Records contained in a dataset
########################################

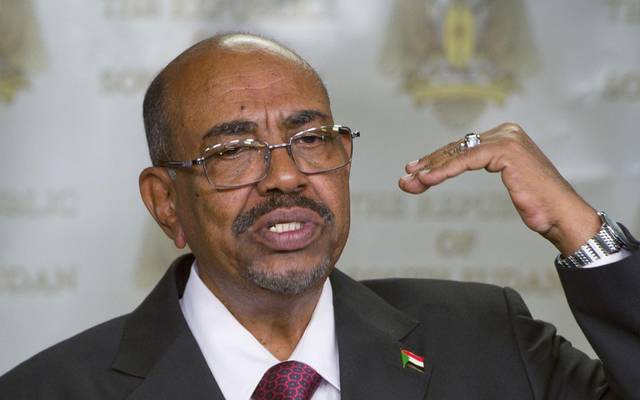 البشير يُعيِّن مصطفى حولي وزيراً لمالية السودان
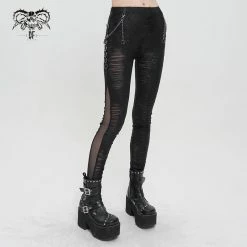 Devil Fashion Eloise Leggings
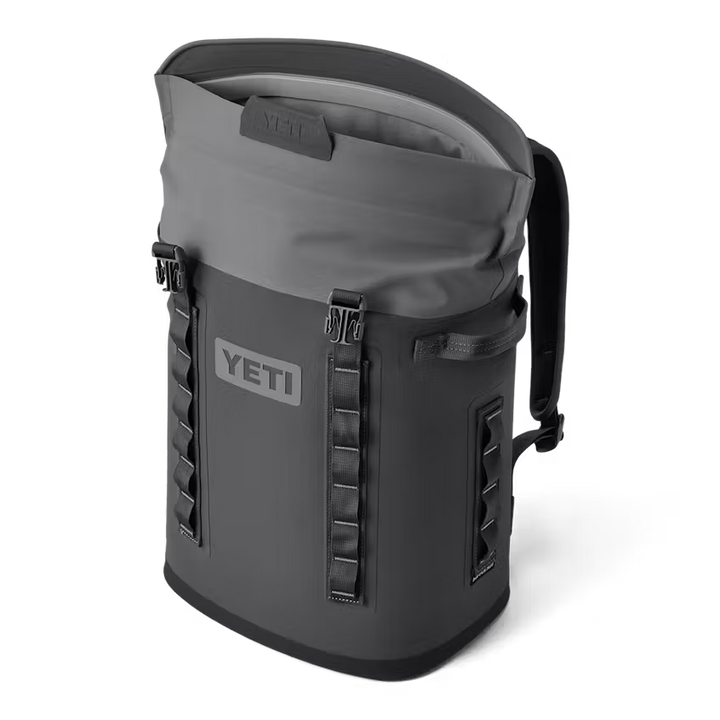 Yeti Hopper Backpack M20 2.5 Charcoal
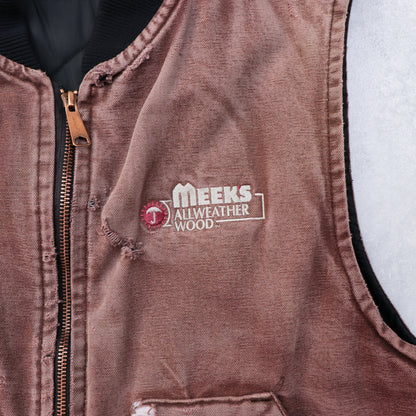 Carhartt Duck Vest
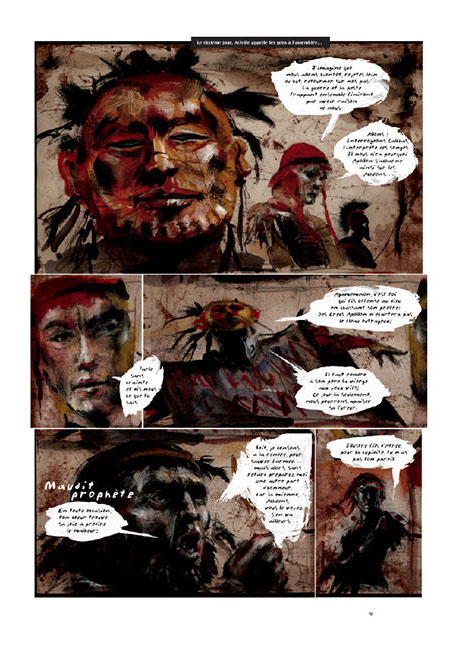 dessins, croquis, rough, sketch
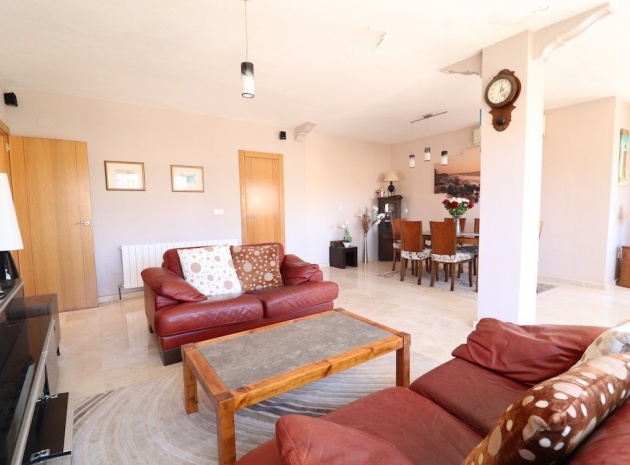 Återförsäljning - Villa - Las Ramblas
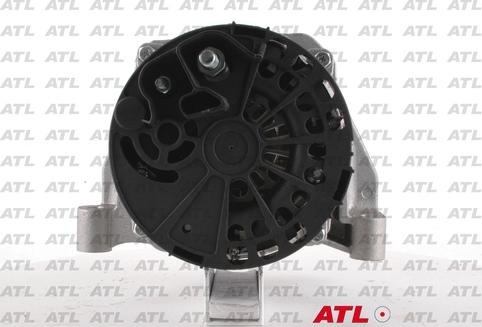 ATL Autotechnik L 80 650 - Генератор vvparts.bg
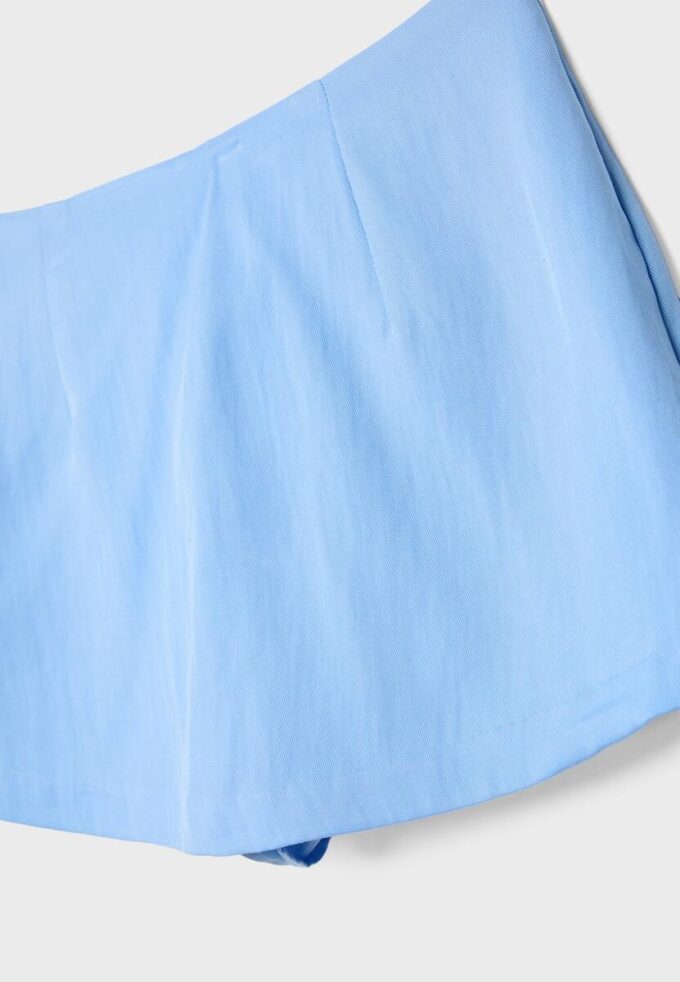 Miniskort Skort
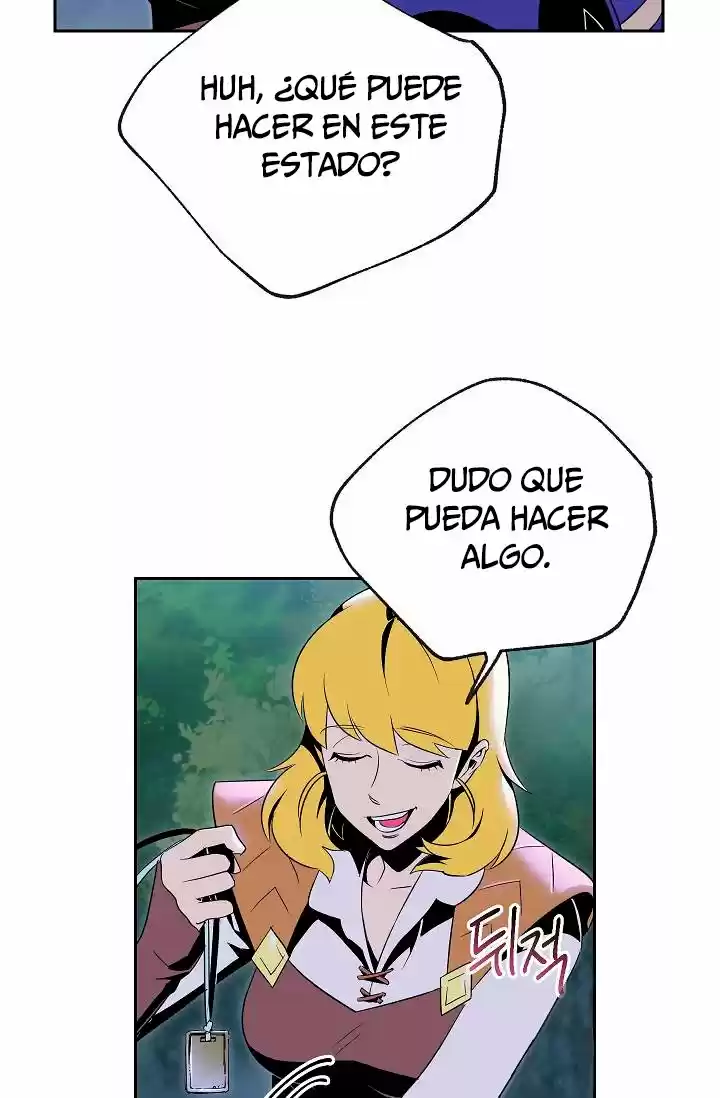 Skeleton Soldier capítulo 76, página 56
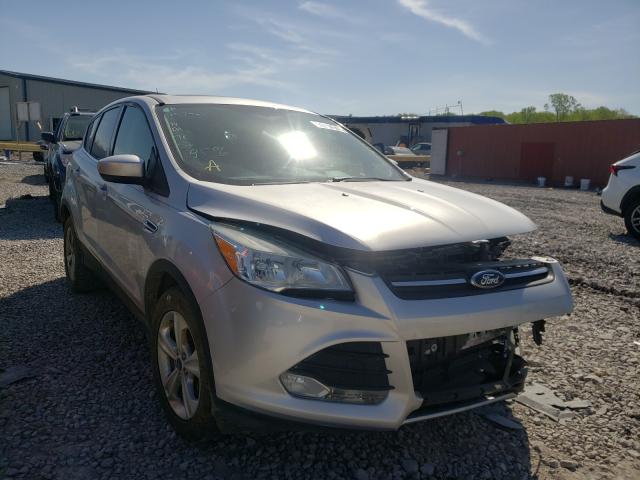 2013 FORD ESCAPE SE 1FMCU0GX4DUD22171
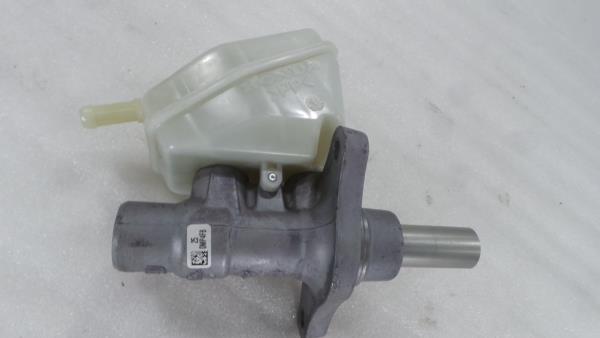 Hydraulic pump for braking system HONDA Civic IX Tourer (FK_) Imagem-4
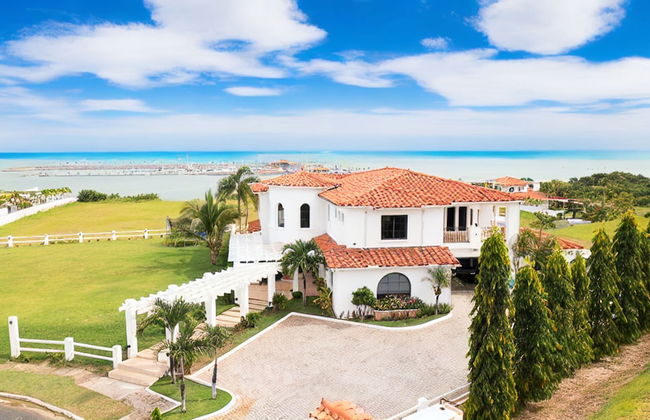 Villa Carisma by Acomodo Vistamar - Foto 4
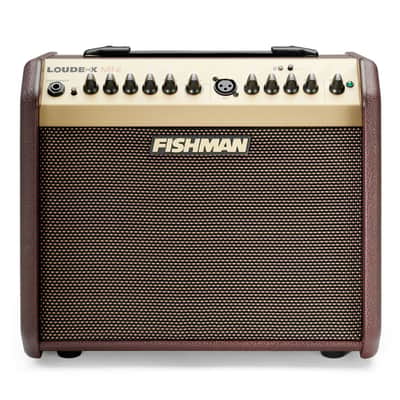 Fishman PRO-LBT-500 Loudbox Mini - 60 watts image 2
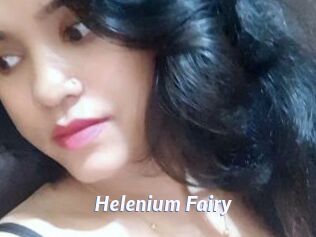 Helenium_Fairy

########################################

ASSIGNED TASK
Transcribe all of the entries word for word, but skip any pictures they contain.

ANSWER TO THIS PROBLEM
 البشير يُعيِّن مصطفى حولي وزيراً لمالية السودان
 Devil Fashion Eloise Leggings
 Yeti Hopper Backpack M20 2.5 Charcoal
 Carhartt Duck Vest
 dessins, croquis, rough, sketch
 Återförsäljning - Villa - Las Ramblas
 ATL Autotechnik L 80 650 - Генератор vvparts.bg
 Miniskort Skort
 Skeleton Soldier capítulo 76, página 56
 2013 FORD ESCAPE SE 1FMCU0GX4DUD22171
 Hydraulic pump for braking system HONDA Civic IX Tourer (FK_) Imagem-4
 Villa Carisma by Acomodo Vistamar - Foto 4
 Fishman PRO-LBT-500 Loudbox Mini - 60 watts image 2
 Helenium_Fairy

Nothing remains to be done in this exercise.